When the children returned from camp in August, Rhoda insisted that they come with her to the home. Suzanne, surprisingly, did not balk and in fact explained to Claire that she had to go with them even if she had already told Janey Littauer that they were going to the movies together. Suzanne might have a sour disposition but she was highly principled in the way Leonard had been. She was always catching Rhoda in slight discrepancies, howling over her most innocent white lies as examples of hideous hypocrisy. “You can’t get away with anything with her,” Rhoda told friends, with some admiration. Moe had once said, “It’s the function of teenagers and muck-raking journalists to point out the inconsistencies of the world.”
At the ho
me Rhoda’s father let pass onto his face a slow, shaky smile when he saw Claire, who was his favorite, and he reached up to her with trembling arms. “I had the lead in Alice in Wonder-land at camp,” she said. “Did you know that, Grandpa? I was Alice.” Suzanne let herself be hugged and then disappeared; she was seen later examining the hydrangeas and the rows of red salvia before the administration building.
Rhoda sat with her father on the terrace. Mr. Dotson came by—a dog-faced, garrulous old man who was about to be transferred because his melanoma was worsening. He drew up a chair next to them. “See you’ve got another pretty girl come to visit, Jack.” He winked at Rhoda’s father, patting Claire. “Lots of kids here today. I just had a long chat with a young lady who says she might want to be a doctor some day. What a wonderful bedside manner she’ll have, very affable and pleasant. Yes, you’ve got that part down, I told her. Got the personality for it. She looks very smart—she wears those harlequin glasses you see girls wearing now. She says she wants to be a doctor or a marine biologist. You’ve got the bedside manner, I told her.”
With a shock Rhoda realized that he was talking about Suzanne. Suzanne did not want to be a doctor—he had that wrong—she wanted to be a medical researcher (or, as he said, a marine biologist). Rhoda would hardly have recognized her from the description—affable indeed—but she’d had indications that the children (and Suzanne in particular) presented different characters to the rest of the world. Suzanne was nice to small children—she let cousins come into her room to look at her microscope; they sat rigidly still with the fear of breaking anything, but they stayed, seemingly rapt, for hours while she explained the different slides to them.
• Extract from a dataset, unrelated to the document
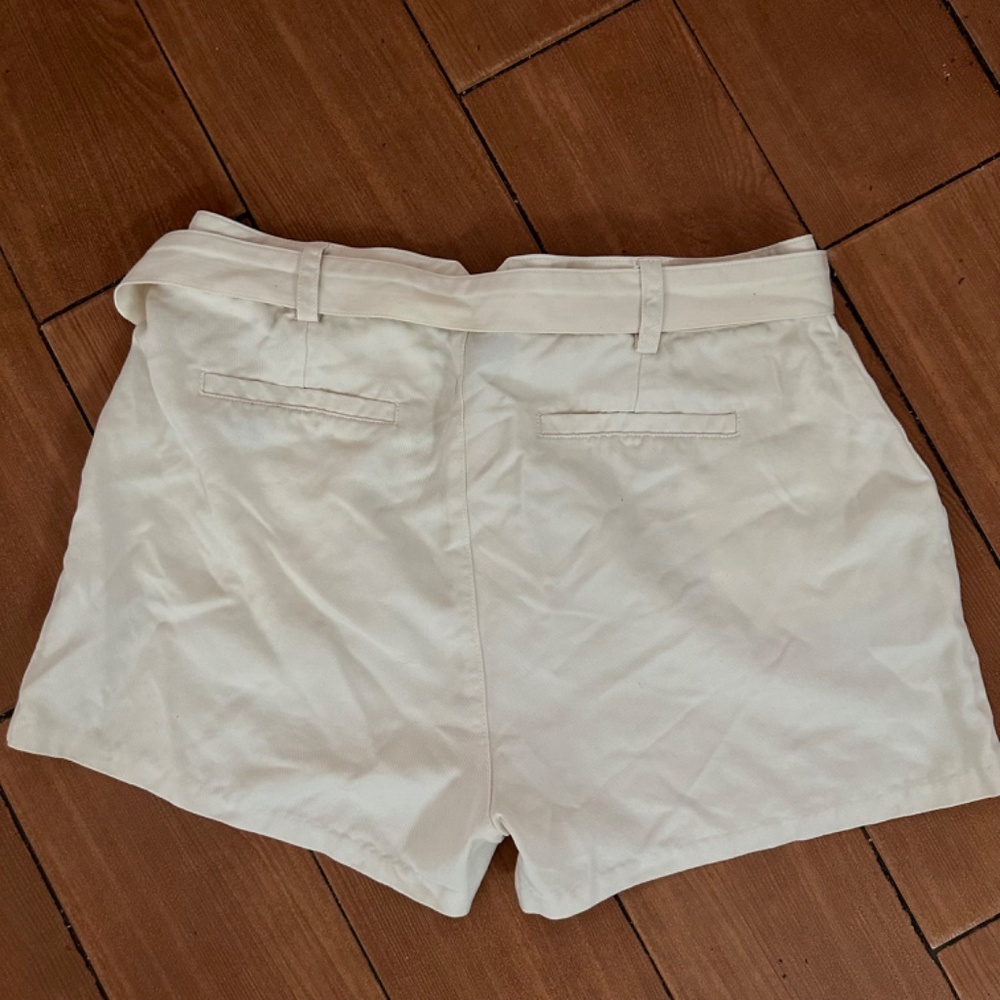 Paige Women's Beige Belted Shorts Size 10 - Picture 4 of 7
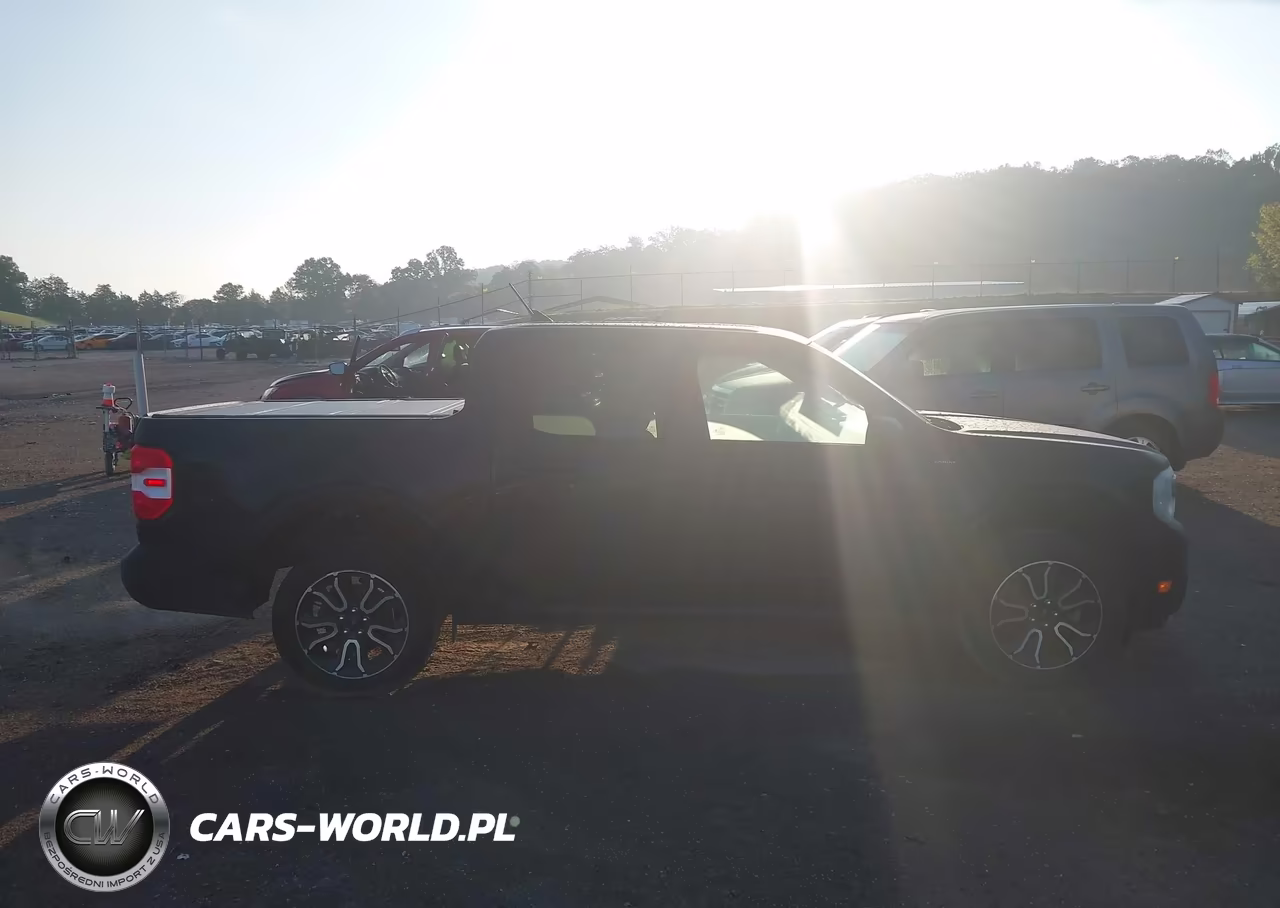 2022 Ford Maverick Lariat VIN:3FTTW8E9XNRA55113 - 13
It was Rhoda who had to endure from her the raw, unseemly eruptions, the lapses into primitive behavior. Home life brought out the worst in all of them; once she had smacked Suzanne so hard she’d sent her glasses flying across the room. It had frightened Rhoda herself at the time, and she had felt, in the midst of her rage, the most profound embarrassment. Whatever she’d been saying at the time had been puerile, unintelligent, and foolish. It occurred to her that anger made fools of people the way love was supposed to. She had gathered the spectacles from the sofa and handed them to Suzanne; they had landed safely on the green brocade sofa and sunk into a crevice between the cushions. They were thick, loose cushions; the heavy elegance of the sofa, with its ball-and-claw feet, was painful to her at that moment—genteel scenery for scenes of mess and turmoil, stagey eighteenth-century lines of order where there was no order.